Generally, as you will read in many holiday brochures for the far west, we enjoy milder winters than anywhere else in the UK. And 'generally' that is true, but this year...



The roads were thick with snow so not worth the risk of driving, and after getting the mountainbike out to do a Tesco run I decided it was actually quite nice out so took a ride up onto the high moors of Penwith.

This area is really one of the hidden gems of West Cornwall, its amazing how few people, even locals, venture up there. Even at the height of summer you can be up there, with panoramic views of ocean on three sides, all about the ancient stones, circles and quoits that are the remains of a once hugely ceremonial and significant landscape, and not see another person.
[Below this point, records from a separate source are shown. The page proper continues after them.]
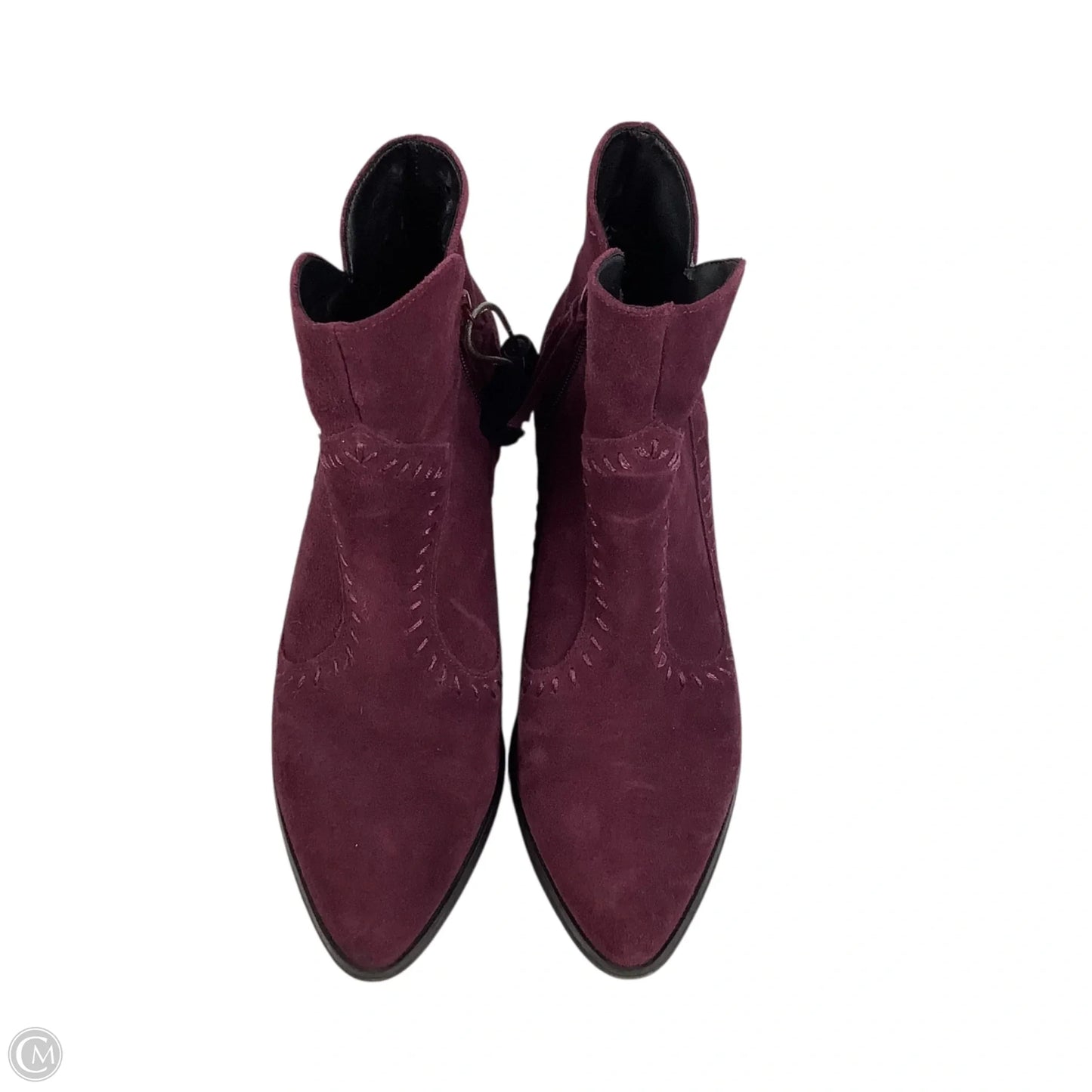 Boots Designer By Rebecca Minkoff In Purple, Size: 9.5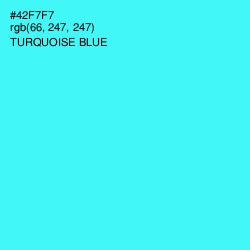 #42F7F7 - Turquoise Blue Color Image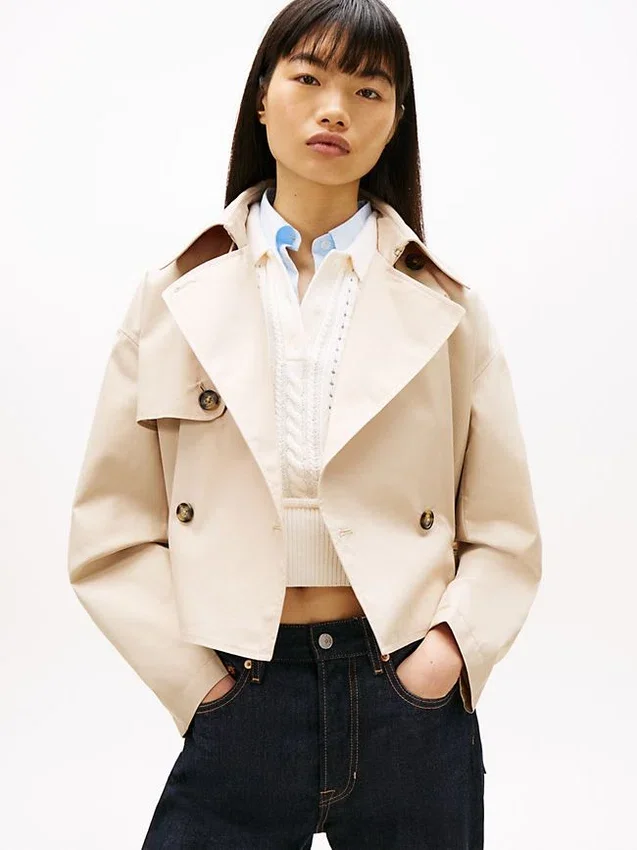 Casaco Trench Impermeável Tommy Jeans Casaco Trench Impermeável Tommy Jeans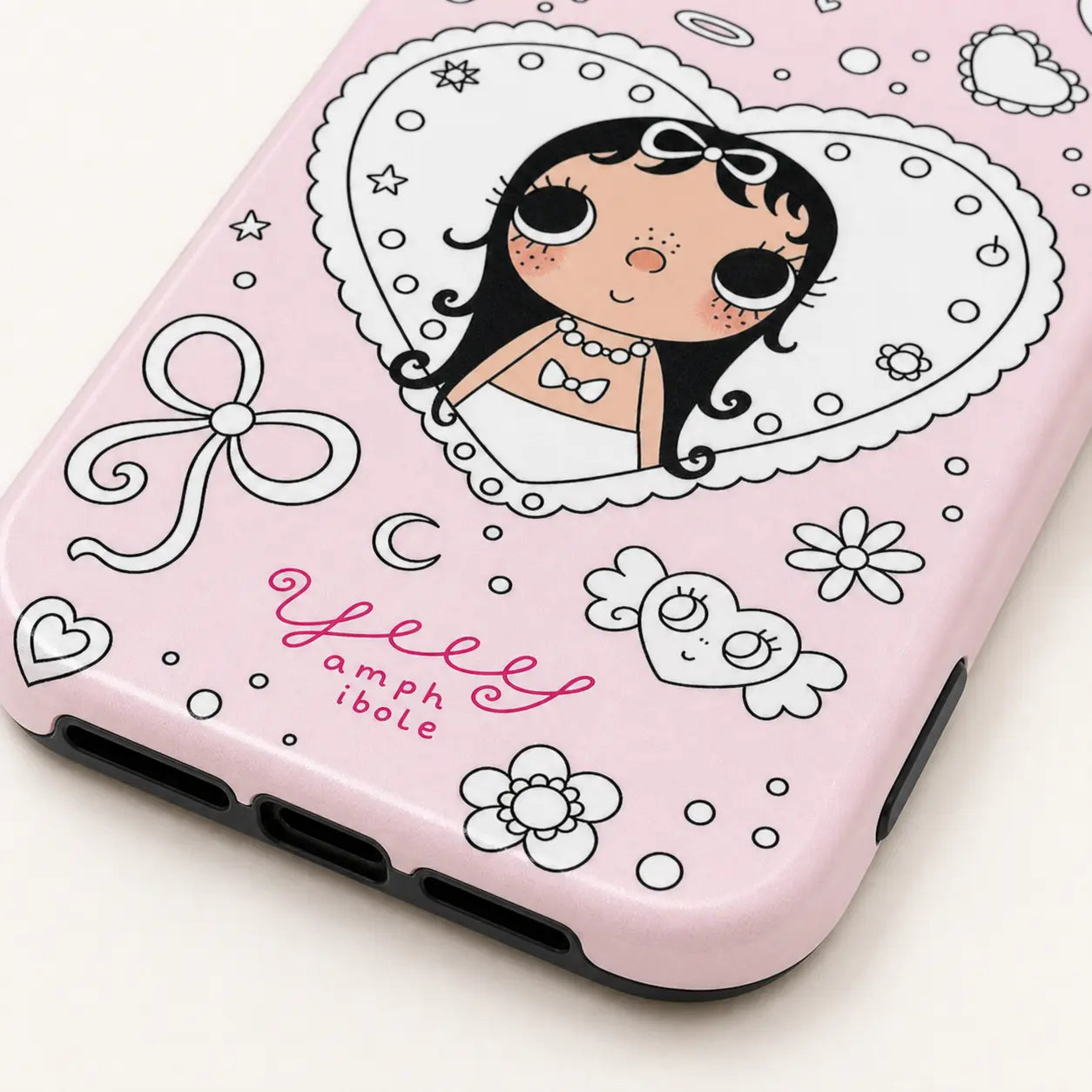 BIG EYES COMIC GIRL PHONE CASE QT41 mimocase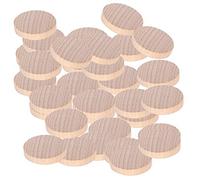 100 morceaux de disques en bois ronds cercles de bois pour artisanat des disques en bois vierge de taille pouces de coupe de papier adapté aux fournitures d'artisanat de bricolage (4 cm)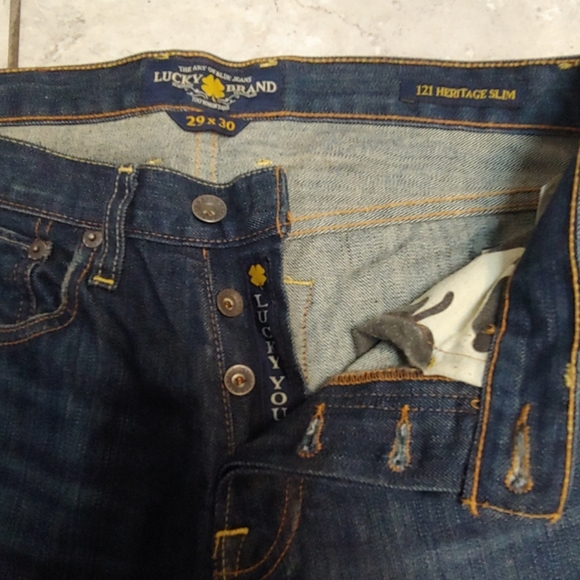 Lucky Brand Heritage Slim Jeans - Picture 2 of 4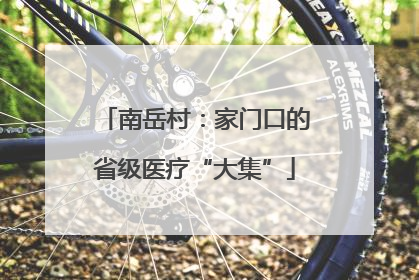 南岳村：家门口的省级医疗“大集”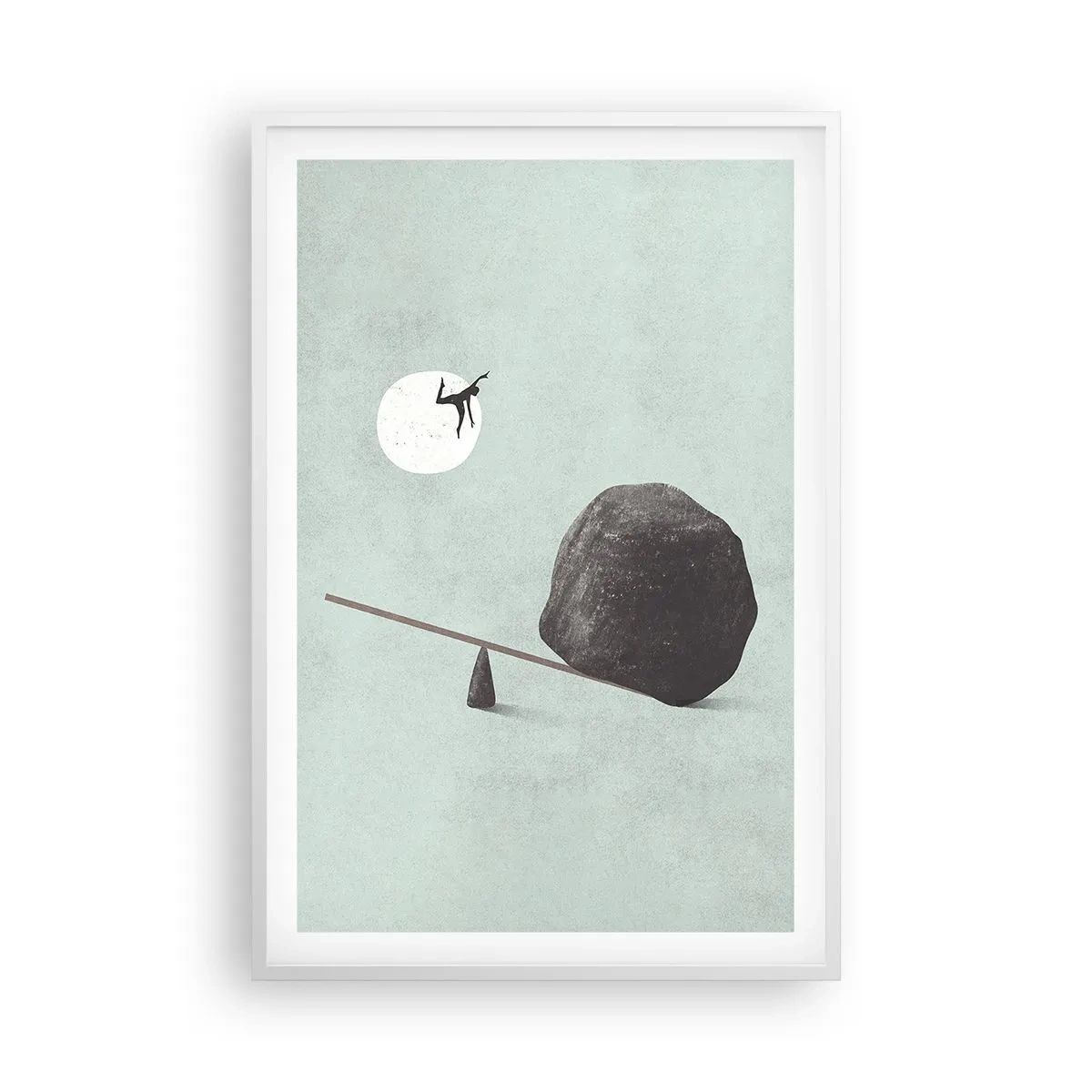 Plakat i hvid ramme - En drøm går i opfyldelse - 61x91 cm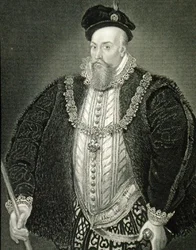 Portret Roberta Dudleya (1532-88), pierwszego hrabiego Leicester, z „Lodge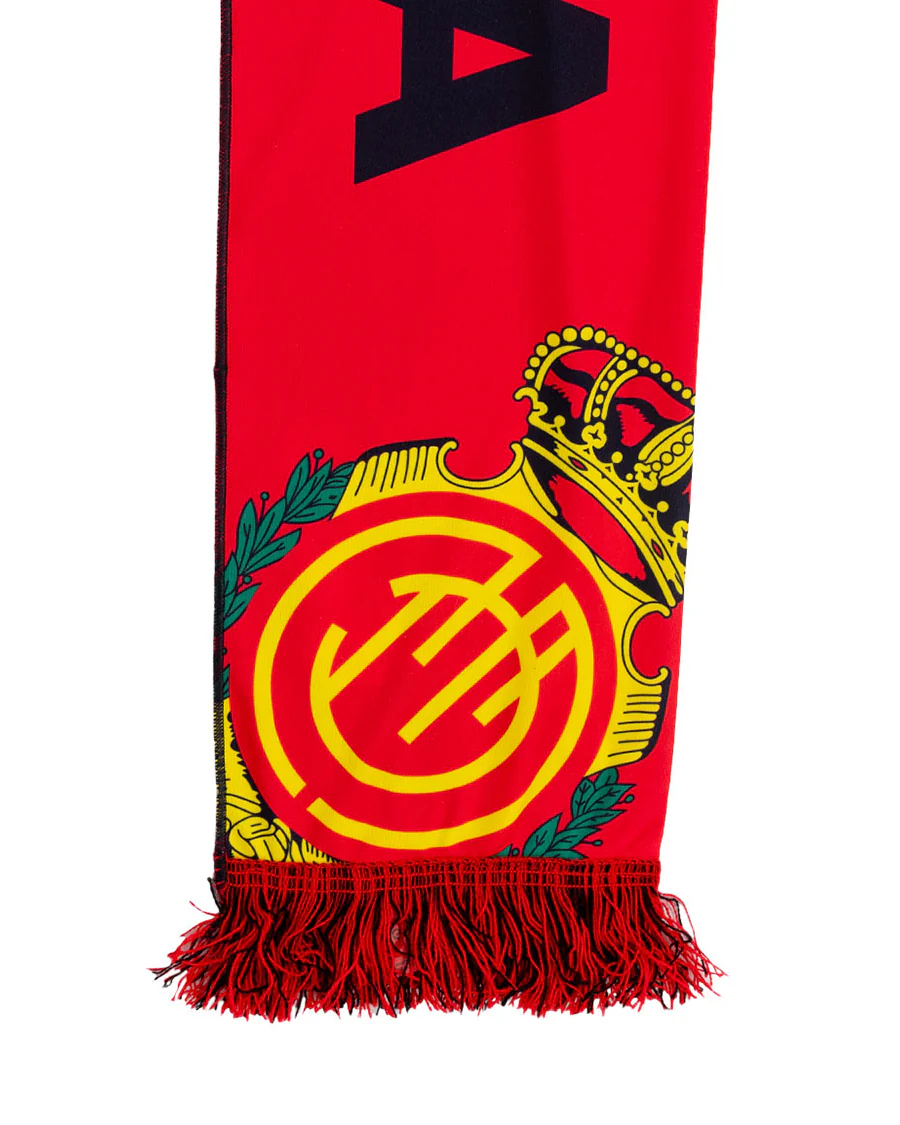 Bufanda Doble Raso Roja - Image 3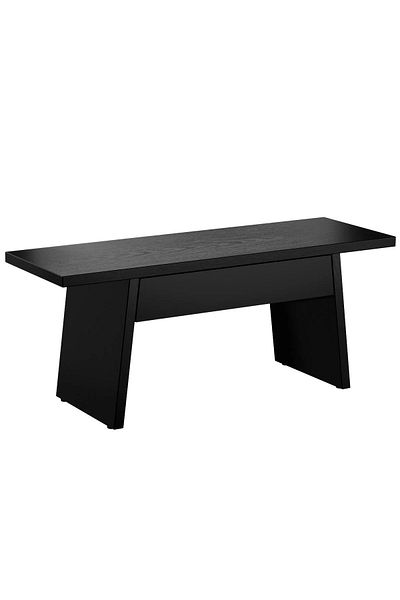 VitrA 90cm Bathroom Bench With Black Oak Finish And Soft-close Drawer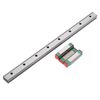 Walfront 1pcs LML12B Miniature Linear Rail 12mm Width + Slide Block (200mm)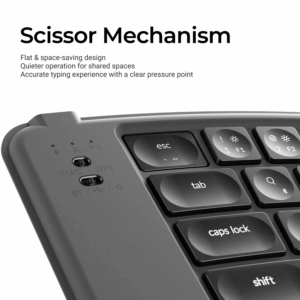 Keychron B11 Pro Ultra-Slim Wireless Foldable Keyboard Alice Layout – Space Gray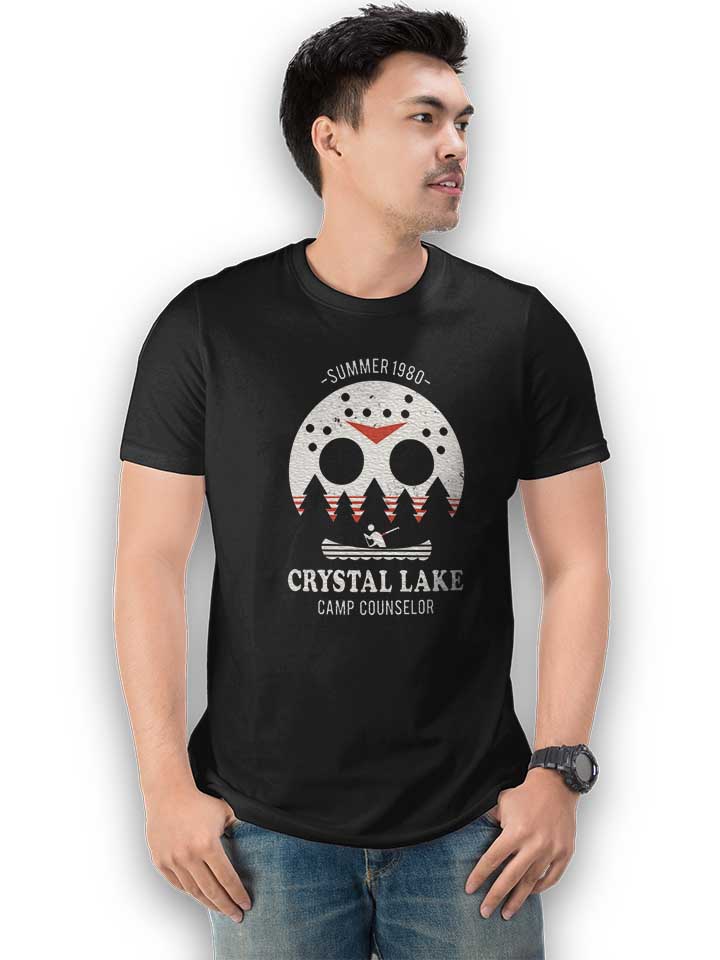 crystal-lake-camp-counselor-t-shirt schwarz 2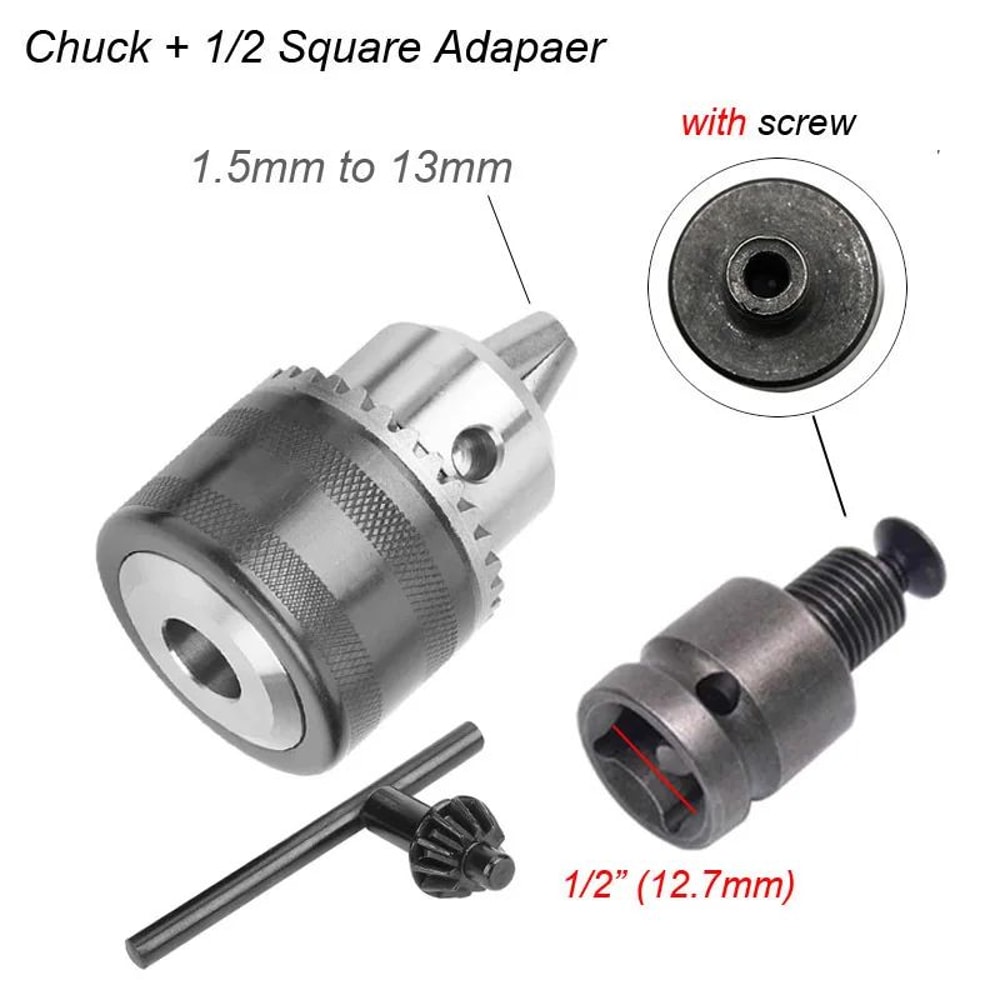 SDS To 12 In 20UNF Chuck Adapter Quick Change 14in Hex Impact Driver Converter 1513mm Drill Chuck 8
Just you, the wind and the bird song. Utterly lovely and incredibly atmospheric. 

The stone circle you can just about see in the bottom shot is Boskednan or Nine Maidens as it is also called. Most visitors head over to Men an Tol or the Merry Maidens on the south coast, but this one from the late Neolithic/Early Bronze Age period sat on its windswept hill is well worth exploring. It has great energy and a really nice feel, even though a well intentioned but possibly incorrect restoration a few years back changed the feel a little. You can even take a short walk down the hill to the Iron Age village of Bodrifty in the valley below, which odd to think when originally settled the stones were already there looking down and had been so for a very long time already!